◆ **YOUR GOAL**:
Could you return every record below exactly as it is written?

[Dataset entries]
================
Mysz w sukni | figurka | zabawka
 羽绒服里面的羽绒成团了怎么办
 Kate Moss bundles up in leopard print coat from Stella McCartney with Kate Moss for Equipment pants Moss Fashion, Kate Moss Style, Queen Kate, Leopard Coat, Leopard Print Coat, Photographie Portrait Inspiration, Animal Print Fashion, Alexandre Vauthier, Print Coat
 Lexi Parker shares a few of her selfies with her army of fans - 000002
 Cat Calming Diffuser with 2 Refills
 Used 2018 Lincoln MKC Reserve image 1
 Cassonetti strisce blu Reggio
================
◆ **YOUR RESPONSE**:
Mysz w sukni | figurka | zabawka
 羽绒服里面的羽绒成团了怎么办
 Kate Moss bundles up in leopard print coat from Stella McCartney with Kate Moss for Equipment pants Moss Fashion, Kate Moss Style, Queen Kate, Leopard Coat, Leopard Print Coat, Photographie Portrait Inspiration, Animal Print Fashion, Alexandre Vauthier, Print Coat
 Lexi Parker shares a few of her selfies with her army of fans - 000002
 Cat Calming Diffuser with 2 Refills
 Used 2018 Lincoln MKC Reserve image 1
 Cassonetti strisce blu Reggio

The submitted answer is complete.